From 4e80b584fe2728a2657f0c338d99f7cde64777ec Mon Sep 17 00:00:00 2001
From: Tim Northover <tnorthover@apple.com>
Date: Fri, 18 Jul 2014 13:01:19 +0000
Subject: [PATCH] ARM: support legalisation of "fptrunc ... to half"
 operations.

llvm-svn: 213373
---
 .../CodeGen/SelectionDAG/LegalizeFloatTypes.cpp    | 23 ++++++++++
 llvm/lib/CodeGen/SelectionDAG/LegalizeTypes.h      |  1 +
 llvm/lib/Target/ARM/ARMISelLowering.cpp            | 10 +++--
 llvm/test/CodeGen/ARM/half.ll                      | 50 +++++++++++++++++++++-
 4 files changed, 80 insertions(+), 4 deletions(-)

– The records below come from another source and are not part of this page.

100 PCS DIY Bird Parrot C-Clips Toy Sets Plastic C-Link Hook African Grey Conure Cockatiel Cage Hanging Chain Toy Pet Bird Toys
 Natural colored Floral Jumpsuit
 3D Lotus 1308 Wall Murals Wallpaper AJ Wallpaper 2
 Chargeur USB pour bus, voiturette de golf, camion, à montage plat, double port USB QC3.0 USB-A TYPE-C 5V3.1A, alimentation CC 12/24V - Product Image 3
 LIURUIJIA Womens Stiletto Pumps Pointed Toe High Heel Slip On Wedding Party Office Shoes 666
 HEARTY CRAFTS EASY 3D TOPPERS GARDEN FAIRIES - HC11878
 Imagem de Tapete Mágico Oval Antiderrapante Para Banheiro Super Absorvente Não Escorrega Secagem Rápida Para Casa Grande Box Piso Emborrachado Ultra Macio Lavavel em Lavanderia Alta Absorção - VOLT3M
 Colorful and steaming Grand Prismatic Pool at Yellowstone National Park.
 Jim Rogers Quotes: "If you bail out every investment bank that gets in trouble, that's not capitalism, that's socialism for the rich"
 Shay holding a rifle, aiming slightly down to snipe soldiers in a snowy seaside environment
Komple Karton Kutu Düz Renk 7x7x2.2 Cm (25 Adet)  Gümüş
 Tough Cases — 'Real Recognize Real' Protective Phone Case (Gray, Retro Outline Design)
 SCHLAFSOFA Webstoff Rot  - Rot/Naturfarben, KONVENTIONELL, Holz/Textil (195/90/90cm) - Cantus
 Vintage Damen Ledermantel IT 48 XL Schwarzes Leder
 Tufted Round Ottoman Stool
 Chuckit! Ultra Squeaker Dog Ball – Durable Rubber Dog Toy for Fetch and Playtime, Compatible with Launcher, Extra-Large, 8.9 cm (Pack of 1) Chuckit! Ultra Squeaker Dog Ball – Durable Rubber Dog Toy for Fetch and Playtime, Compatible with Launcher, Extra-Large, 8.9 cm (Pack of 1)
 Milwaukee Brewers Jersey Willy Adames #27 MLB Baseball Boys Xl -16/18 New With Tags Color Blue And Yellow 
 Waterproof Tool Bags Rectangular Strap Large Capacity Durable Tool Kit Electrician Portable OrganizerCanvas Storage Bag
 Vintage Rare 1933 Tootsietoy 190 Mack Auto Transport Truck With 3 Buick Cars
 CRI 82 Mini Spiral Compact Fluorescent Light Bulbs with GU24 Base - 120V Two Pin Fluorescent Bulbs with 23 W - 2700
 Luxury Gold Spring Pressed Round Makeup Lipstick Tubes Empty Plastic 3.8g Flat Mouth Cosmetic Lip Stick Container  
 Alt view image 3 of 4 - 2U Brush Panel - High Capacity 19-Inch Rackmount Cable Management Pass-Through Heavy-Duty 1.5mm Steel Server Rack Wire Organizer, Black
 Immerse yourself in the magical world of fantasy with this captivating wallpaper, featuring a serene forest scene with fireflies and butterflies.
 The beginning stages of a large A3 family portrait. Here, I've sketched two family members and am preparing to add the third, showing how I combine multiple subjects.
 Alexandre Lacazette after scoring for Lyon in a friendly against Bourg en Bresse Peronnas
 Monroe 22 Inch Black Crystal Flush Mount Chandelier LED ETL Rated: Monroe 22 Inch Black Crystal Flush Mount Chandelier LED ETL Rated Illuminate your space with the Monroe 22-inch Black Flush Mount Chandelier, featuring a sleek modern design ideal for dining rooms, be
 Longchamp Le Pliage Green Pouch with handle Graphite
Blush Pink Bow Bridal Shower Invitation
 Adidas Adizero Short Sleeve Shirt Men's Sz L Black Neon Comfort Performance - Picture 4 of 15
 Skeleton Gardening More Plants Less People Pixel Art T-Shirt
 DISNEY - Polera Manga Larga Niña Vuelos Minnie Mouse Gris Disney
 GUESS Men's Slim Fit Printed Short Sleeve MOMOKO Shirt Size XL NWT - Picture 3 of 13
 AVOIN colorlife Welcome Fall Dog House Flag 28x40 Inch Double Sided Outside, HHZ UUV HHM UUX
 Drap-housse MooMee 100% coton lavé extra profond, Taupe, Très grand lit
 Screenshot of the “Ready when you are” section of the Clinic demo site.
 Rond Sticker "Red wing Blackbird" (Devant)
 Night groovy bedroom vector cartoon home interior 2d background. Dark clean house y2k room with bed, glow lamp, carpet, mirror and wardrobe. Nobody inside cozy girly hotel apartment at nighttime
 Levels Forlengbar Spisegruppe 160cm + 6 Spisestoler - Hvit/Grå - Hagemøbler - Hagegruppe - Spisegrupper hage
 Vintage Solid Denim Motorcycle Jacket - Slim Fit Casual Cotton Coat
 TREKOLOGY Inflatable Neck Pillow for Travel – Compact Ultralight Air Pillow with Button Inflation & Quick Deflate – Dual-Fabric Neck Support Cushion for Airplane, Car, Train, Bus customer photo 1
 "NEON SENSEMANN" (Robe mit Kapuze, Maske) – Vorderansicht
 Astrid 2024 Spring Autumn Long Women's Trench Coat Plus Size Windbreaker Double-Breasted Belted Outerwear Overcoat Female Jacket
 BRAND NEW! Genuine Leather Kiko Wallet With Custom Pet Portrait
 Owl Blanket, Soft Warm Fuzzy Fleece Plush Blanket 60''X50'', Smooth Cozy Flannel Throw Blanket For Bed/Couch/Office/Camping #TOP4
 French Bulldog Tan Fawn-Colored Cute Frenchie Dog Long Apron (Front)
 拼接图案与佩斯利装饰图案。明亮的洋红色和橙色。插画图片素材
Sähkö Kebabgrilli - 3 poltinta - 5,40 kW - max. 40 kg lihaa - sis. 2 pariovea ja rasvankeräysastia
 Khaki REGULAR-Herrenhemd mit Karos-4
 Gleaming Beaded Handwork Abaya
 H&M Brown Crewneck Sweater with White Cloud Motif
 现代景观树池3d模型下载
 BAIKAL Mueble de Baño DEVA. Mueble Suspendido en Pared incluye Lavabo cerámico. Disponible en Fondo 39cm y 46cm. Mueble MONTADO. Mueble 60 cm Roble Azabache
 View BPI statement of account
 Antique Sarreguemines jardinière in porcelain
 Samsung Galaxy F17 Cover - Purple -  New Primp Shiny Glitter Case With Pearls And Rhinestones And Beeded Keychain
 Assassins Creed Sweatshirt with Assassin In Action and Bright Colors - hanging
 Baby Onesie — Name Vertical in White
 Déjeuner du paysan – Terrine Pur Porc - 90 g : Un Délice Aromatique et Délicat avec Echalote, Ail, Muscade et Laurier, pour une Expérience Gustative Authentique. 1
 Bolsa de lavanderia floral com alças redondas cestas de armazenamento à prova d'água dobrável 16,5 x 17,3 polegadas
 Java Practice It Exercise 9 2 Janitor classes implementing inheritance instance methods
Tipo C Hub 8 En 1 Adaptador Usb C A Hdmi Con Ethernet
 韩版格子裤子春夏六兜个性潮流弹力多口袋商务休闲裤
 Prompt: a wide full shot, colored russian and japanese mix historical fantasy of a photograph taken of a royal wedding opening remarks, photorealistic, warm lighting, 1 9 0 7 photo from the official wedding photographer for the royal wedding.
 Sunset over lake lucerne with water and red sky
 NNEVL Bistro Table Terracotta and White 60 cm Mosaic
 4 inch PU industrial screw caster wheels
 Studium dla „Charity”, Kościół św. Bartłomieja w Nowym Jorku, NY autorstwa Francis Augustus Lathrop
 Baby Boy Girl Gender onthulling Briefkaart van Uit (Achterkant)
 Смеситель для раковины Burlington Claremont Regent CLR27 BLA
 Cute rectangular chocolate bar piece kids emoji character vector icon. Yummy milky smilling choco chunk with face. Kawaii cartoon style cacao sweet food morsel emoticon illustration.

diff --git a/llvm/lib/CodeGen/SelectionDAG/LegalizeFloatTypes.cpp b/llvm/lib/CodeGen/SelectionDAG/LegalizeFloatTypes.cpp
index 20ec3ac..e3c034c 100644
--- a/llvm/lib/CodeGen/SelectionDAG/LegalizeFloatTypes.cpp
+++ b/llvm/lib/CodeGen/SelectionDAG/LegalizeFloatTypes.cpp
@@ -397,6 +397,12 @@ SDValue DAGTypeLegalizer::SoftenFloatRes_FP16_TO_FP(SDNode *N) {
 SDValue DAGTypeLegalizer::SoftenFloatRes_FP_ROUND(SDNode *N) {
   EVT NVT = TLI.getTypeToTransformTo(*DAG.getContext(), N->getValueType(0));
   SDValue Op = N->getOperand(0);
+  if (N->getValueType(0) == MVT::f16) {
+    // Semi-soften first, to FP_TO_FP16, so that targets which support f16 as a
+    // storage-only type get a chance to select things.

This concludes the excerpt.